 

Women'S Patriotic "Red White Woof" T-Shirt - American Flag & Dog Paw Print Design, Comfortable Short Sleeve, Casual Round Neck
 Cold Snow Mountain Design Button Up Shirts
┄┄┄┄┄┄┄┄┄┄┄┄┄┄┄┄┄┄┄┄
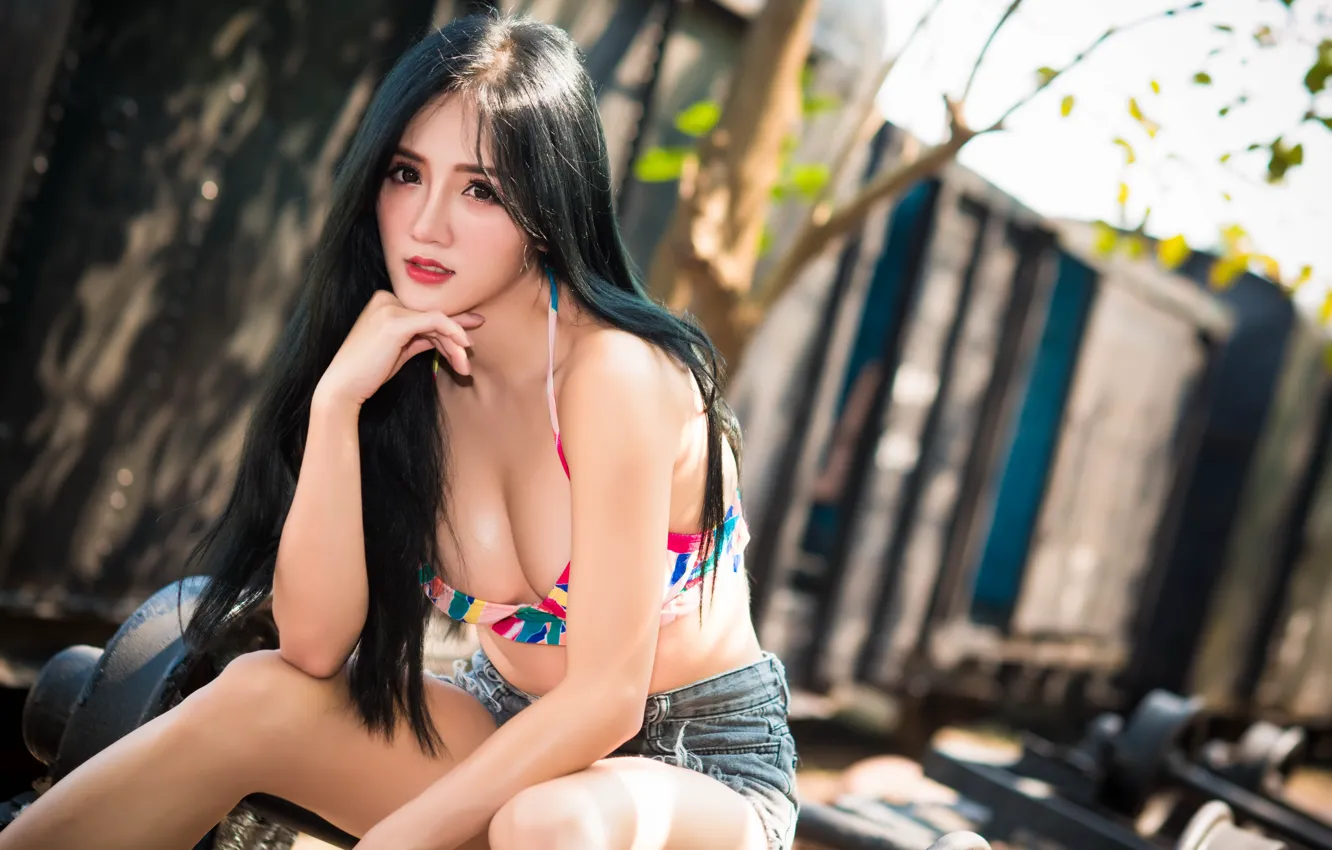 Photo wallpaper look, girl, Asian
┄┄┄┄┄┄┄┄┄┄┄┄┄┄┄┄┄┄┄┄
■ **DESCRIPTION OF THE TASK**
Set down again, word for word, the stretch of records from the line with "Casual Round Neck" to the line with "Cold Snow Mountain Design Button Up Shirts", both of those lines included.

■ **RESPONSE AREA**
Women'S Patriotic "Red White Woof" T-Shirt - American Flag & Dog Paw Print Design, Comfortable Short Sleeve, Casual Round Neck
 Cold Snow Mountain Design Button Up Shirts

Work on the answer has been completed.